ECB President Christine Lagarde during the Davos Forum.DENIS BALIBOUSE (Portal)
In Frankfurt the waiting pattern continues. The European Central Bank (ECB) is expected to freeze interest rates this Thursday at 4.5% – 4% taking into account the deposit facility – despite weak economic growth in the euro zone. With no changes in sight, markets will look to the speech from the institution's head, Christine Lagarde, for clues as to when interest rate cuts will begin.
Everything indicates that the pressure within the ECB will be greatest in the coming weeks: the European economy continues to cool, lending continues to decline and inflation is easing. Analysts are doubling down on their bet that the price of money will fall soon, even as geopolitical tensions in the Red Sea again urge caution amid the threat of another distribution logjam.
Diplomacy has now become a central banker's job. Lagarde will have to keep the balance again this Thursday to convince the markets that she will not let up in the face of a possible increase in inflation and that at the same time the economy continues its soft landing despite the poor economic data in January in Germany. So far, the Frenchwoman has managed to ensure that her plans do not fail: the eurozone continues to avoid recession and inflation fell from 9.2% at the end of 2022 to 2.9% in December 2023.

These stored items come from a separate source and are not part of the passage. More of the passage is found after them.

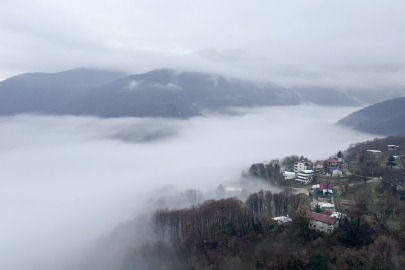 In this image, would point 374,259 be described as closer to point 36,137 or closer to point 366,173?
point 366,173

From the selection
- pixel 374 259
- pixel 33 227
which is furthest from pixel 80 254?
pixel 374 259

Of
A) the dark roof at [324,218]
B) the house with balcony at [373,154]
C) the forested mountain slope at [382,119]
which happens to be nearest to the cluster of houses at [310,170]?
the house with balcony at [373,154]

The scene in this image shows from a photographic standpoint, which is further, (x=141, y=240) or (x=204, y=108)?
(x=204, y=108)

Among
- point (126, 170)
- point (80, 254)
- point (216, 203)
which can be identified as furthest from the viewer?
point (126, 170)

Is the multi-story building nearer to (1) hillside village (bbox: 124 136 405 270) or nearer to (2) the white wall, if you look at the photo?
(1) hillside village (bbox: 124 136 405 270)

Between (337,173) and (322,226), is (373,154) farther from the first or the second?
(322,226)

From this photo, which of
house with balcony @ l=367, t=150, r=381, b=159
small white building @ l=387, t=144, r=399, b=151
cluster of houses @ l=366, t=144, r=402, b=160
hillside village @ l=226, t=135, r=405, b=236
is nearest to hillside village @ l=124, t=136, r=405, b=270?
hillside village @ l=226, t=135, r=405, b=236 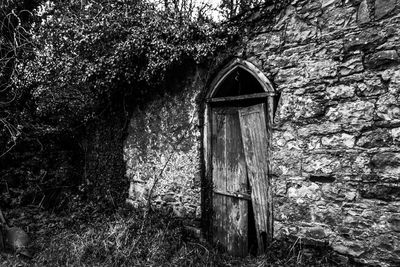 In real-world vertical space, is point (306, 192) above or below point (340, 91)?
below

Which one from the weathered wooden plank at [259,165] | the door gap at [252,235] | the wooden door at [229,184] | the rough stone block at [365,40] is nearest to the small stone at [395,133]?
the rough stone block at [365,40]

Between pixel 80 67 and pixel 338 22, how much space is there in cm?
434

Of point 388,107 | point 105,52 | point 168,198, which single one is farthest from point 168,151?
point 388,107

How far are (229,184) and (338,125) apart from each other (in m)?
1.91

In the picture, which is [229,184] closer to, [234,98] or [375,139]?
[234,98]

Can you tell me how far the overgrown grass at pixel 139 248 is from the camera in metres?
3.67

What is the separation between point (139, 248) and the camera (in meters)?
4.45

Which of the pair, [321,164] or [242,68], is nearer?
[321,164]

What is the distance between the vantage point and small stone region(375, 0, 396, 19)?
10.1 ft

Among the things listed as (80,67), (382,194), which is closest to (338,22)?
(382,194)

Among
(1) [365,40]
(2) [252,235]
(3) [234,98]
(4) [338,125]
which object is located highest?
(1) [365,40]

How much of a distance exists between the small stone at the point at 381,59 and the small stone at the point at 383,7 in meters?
0.40

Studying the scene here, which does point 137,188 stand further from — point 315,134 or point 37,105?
point 315,134

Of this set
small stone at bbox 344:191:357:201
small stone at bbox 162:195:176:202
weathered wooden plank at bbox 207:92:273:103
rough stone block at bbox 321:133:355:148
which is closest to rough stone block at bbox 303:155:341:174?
rough stone block at bbox 321:133:355:148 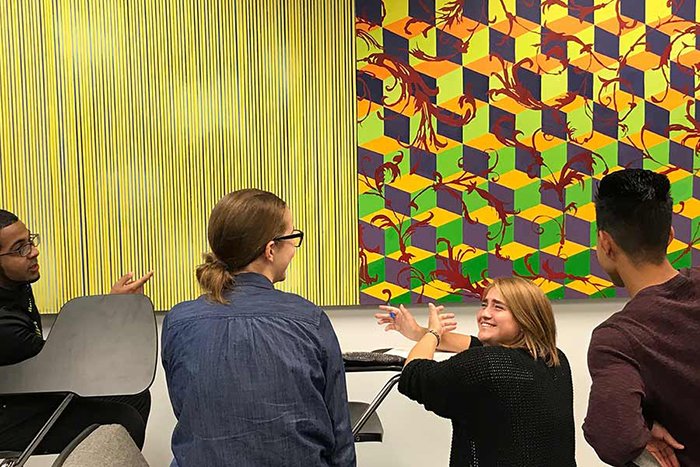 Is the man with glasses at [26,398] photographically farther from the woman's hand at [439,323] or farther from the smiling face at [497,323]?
the smiling face at [497,323]

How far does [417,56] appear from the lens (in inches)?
111

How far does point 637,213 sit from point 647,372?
395 millimetres

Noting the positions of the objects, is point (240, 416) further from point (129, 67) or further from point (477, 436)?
point (129, 67)

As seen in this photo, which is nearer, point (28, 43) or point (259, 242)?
point (259, 242)

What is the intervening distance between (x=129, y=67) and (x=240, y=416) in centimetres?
167

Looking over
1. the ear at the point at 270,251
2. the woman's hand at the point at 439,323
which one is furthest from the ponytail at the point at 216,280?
the woman's hand at the point at 439,323

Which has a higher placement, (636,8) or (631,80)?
(636,8)

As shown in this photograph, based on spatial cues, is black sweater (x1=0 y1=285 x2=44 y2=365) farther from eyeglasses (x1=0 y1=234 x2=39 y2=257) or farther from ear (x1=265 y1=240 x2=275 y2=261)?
ear (x1=265 y1=240 x2=275 y2=261)

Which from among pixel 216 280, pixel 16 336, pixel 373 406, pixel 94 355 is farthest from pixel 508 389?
pixel 16 336

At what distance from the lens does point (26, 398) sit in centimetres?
227

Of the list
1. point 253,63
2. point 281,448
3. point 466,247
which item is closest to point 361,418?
point 281,448

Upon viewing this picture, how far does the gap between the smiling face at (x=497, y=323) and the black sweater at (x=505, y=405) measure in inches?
3.7

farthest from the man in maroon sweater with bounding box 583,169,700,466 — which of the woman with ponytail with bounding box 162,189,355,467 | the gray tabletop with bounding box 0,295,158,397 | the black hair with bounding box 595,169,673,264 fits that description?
the gray tabletop with bounding box 0,295,158,397

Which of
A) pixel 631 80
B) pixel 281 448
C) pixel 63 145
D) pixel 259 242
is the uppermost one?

International organizations, from the IMF to the Central Bank Coordinator (BIS), are calling on issuing institutions not to give up on the risks that remain on the horizon: the crisis in the Middle East and the delay of governments in withdrawing stimulus from the economy. However, markets believe that European institutions will soon stop worrying about inflation and refocus on what appears to be a major underlying problem: the Old Continent's anemic growth. In its latest forecasts, the ECB forecasts a meager 0.8% increase in GDP in 2024, just two tenths more than in 2023. However, activity data in January suggests that the bloc's largest economy, Germany, remains without an upward trend remains
Given governments' inability to launch new stimulus packages, analysts believe the only way to boost growth will be to cut interest rates before the summer. “In the absence of fiscal stimulus and we need to be more autonomous in expanding our economy, the only solution to boost growth and jobs is to lower interest rates,” says Philippe Waechter, chief economist at Ostrum AM. “The ECB will not do it at Thursday’s meeting, but it is what needs to be done to avoid greater risk to activity.”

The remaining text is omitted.